### Task description
Find the line below with "CITROEN C4 GRAND PICASSO" and the line with "Songa Antonio - Bracciale". Output them and the lines between, exactly, but not the pictures.

### Dataset entries

•••••

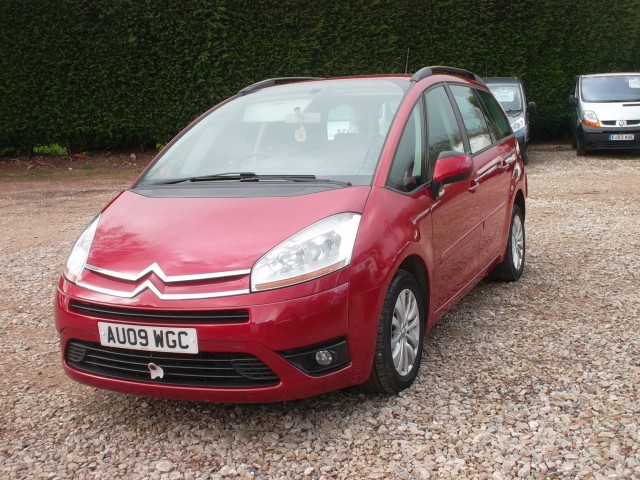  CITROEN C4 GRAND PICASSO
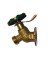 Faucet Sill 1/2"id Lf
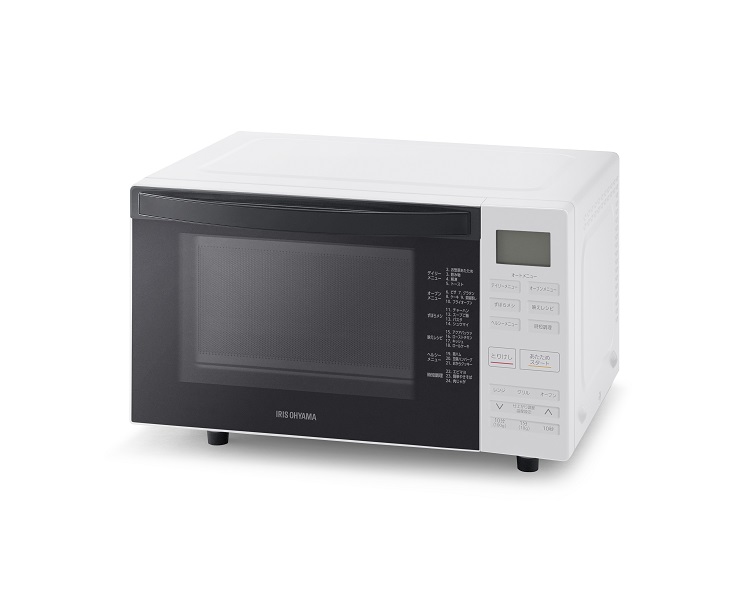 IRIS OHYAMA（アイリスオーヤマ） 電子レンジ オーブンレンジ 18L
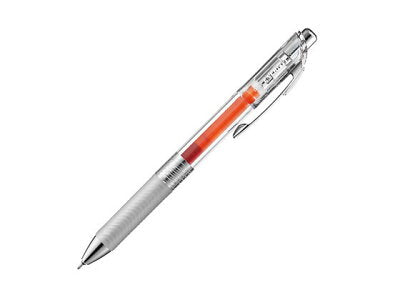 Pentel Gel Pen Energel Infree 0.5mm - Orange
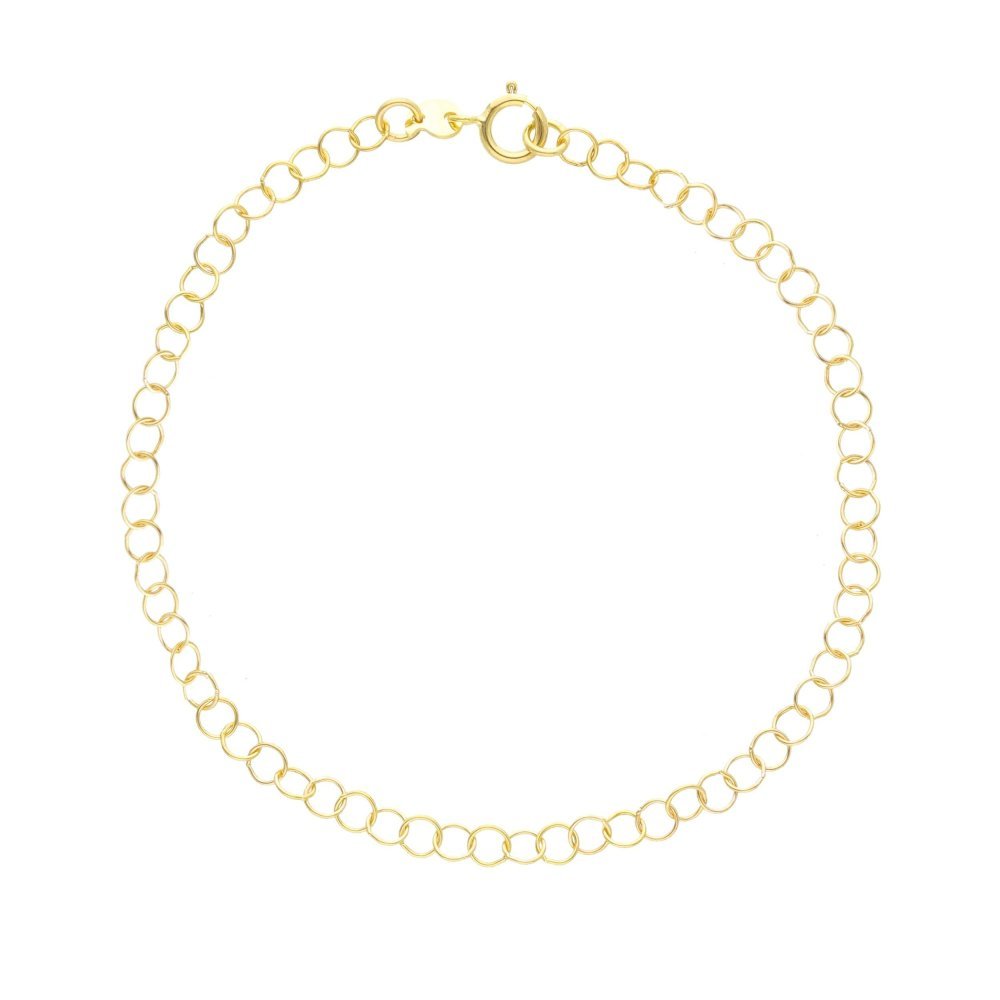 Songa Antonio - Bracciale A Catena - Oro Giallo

•••••

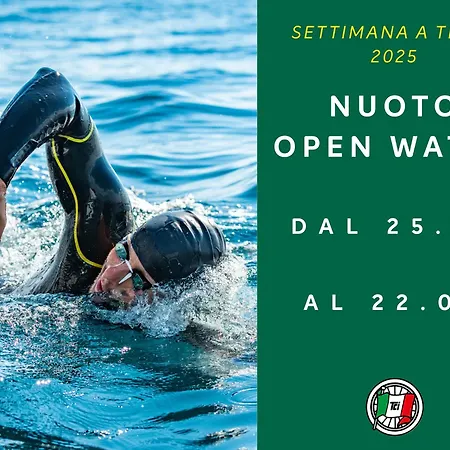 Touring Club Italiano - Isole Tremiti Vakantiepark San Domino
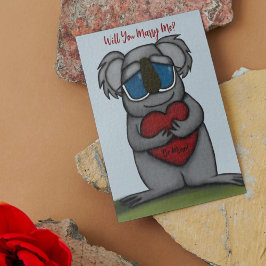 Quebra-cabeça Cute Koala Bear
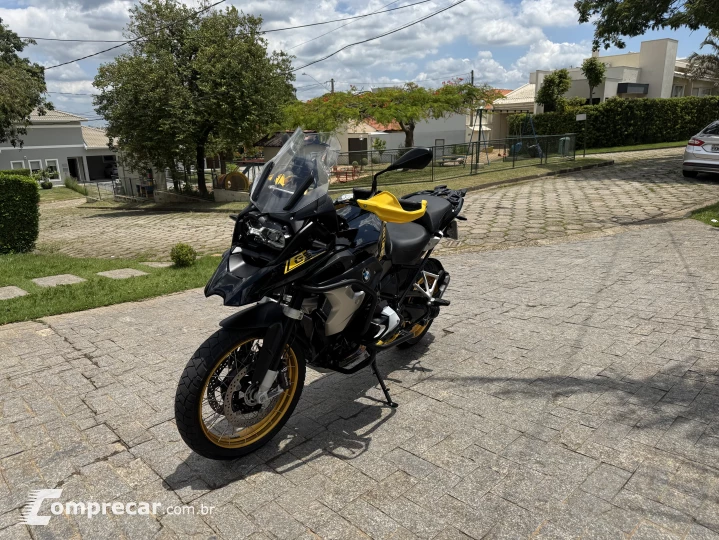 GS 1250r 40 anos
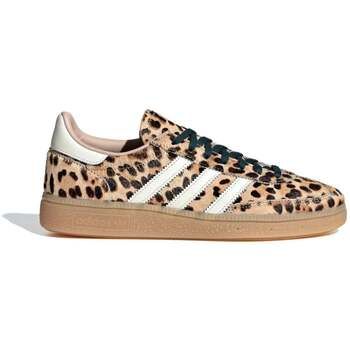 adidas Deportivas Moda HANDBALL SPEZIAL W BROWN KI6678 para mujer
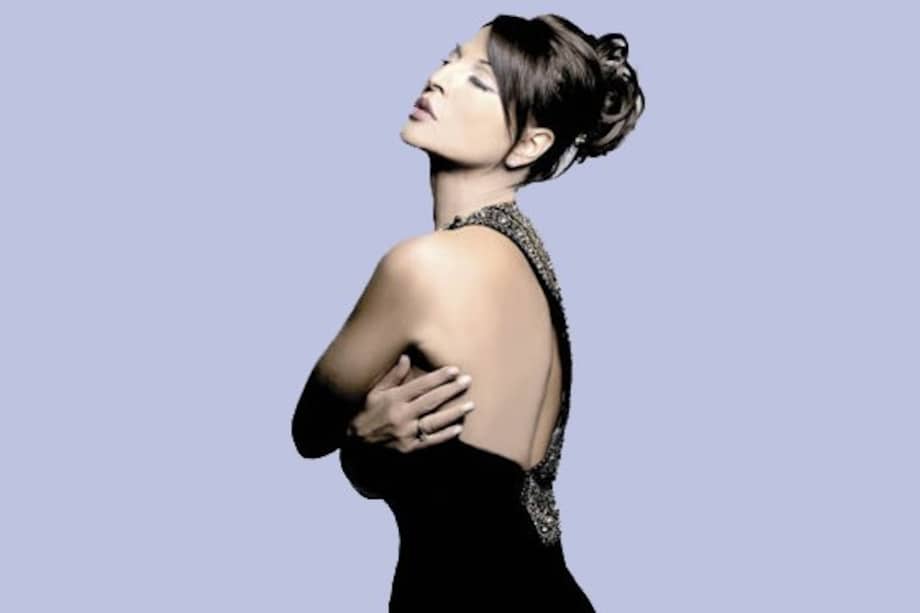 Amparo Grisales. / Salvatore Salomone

•••••

### Task answer
  CITROEN C4 GRAND PICASSO
 Faucet Sill 1/2"id Lf
 IRIS OHYAMA（アイリスオーヤマ） 電子レンジ オーブンレンジ 18L
 Pentel Gel Pen Energel Infree 0.5mm - Orange
 Songa Antonio - Bracciale A Catena - Oro Giallo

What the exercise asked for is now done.